ABSTRACT

Perhaps cloud putti were meant to be overlooked. Composed of the very clouds that support and surround sacred personages in Italian Renaissance paintings, the cloud putto may serve its purpose best when it goes practically unseen (Figure 12). Compared to its clothed and embodied angelic cousins, the cloud putto is a nascent being, an angel before its assumption of full fleshly form. Invisible to all but attentive viewers, cloud putti are the most elusive figures in the religious images of the time, so much so, that even the word “figure” here may be misleading. Many cloud putti appear in states before the last stages of their reification, as emergent faces, heads, or upper torsos, mere extensions of larger cloud masses that fall well short of the normative bodies discussed in Renaissance theories of history painting.
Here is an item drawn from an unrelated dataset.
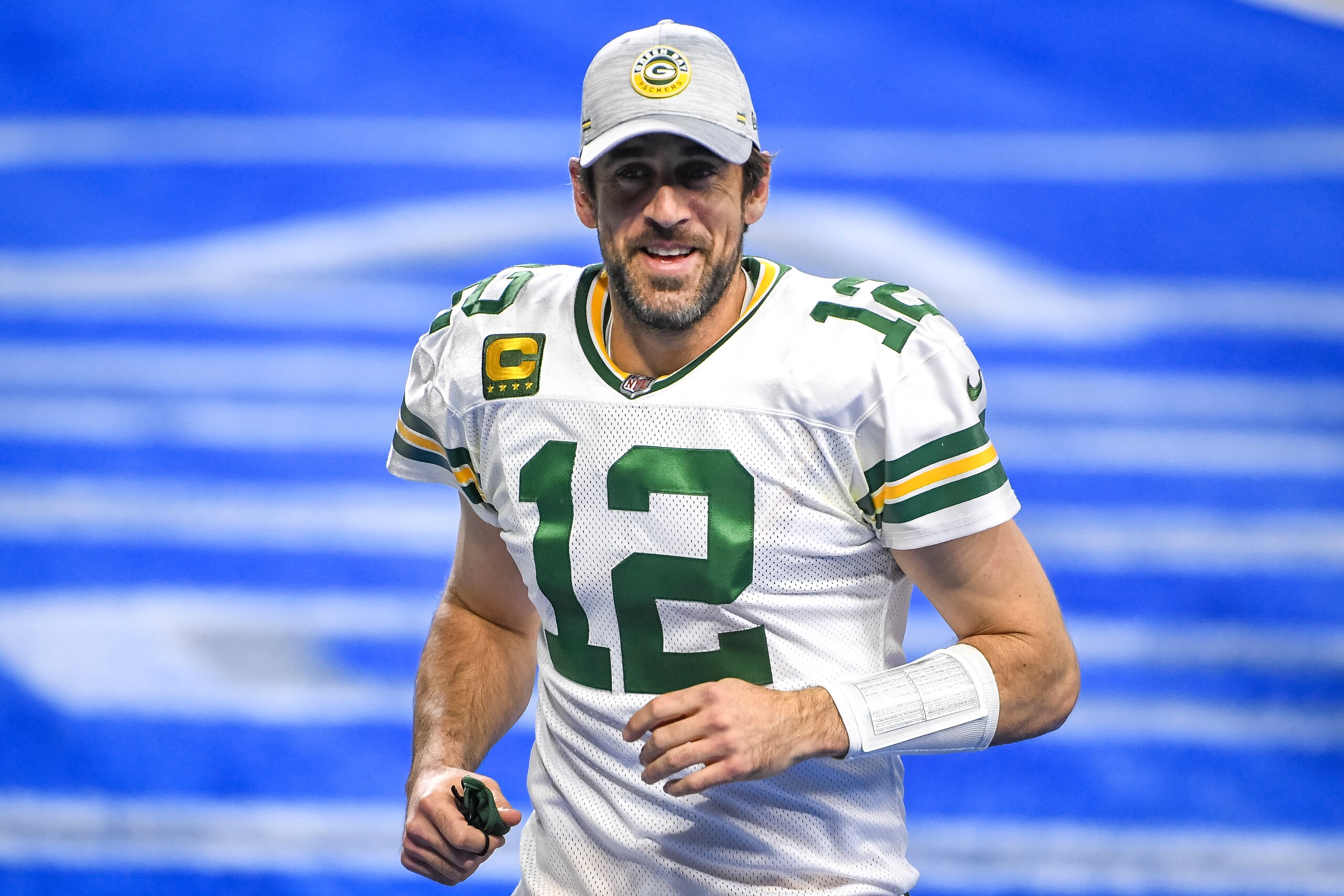 DETROIT, MICHIGAN - DECEMBER 13: Aaron Rodgers #12 of the Green Bay Packers looks on and smiles after the win against the Detroit Lions at Ford Field on December 13, 2020 in Detroit, Michigan. (Photo by Nic Antaya/Getty Images)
They have also been largely neglected by scholars, for while recent scholarship has explored aspects of the rich conceptual history of spirits assuming aerial bodies, especially as regards the demonic, many aspects of the history and significance of cloud spirits, especially in relation to the tradition of representing angels, remain to be considered. 1 In tracing aspects of the history of the cloud putto, this article seeks to redress this omission. It asks important questions about the cloud putto’s theological meaning, and marks its significance within the context of the period’s artistic practices. In doing so, it shows that cloud putti, far from being supporting characters or unimportant beings, help, as inhabitants of the boundaries of the visible world, to establish the representational status of numerous important images. As we shall see, the cloud putto can tell us much about how the artist might accommodate the supernatural within the norms of naturalistic painting.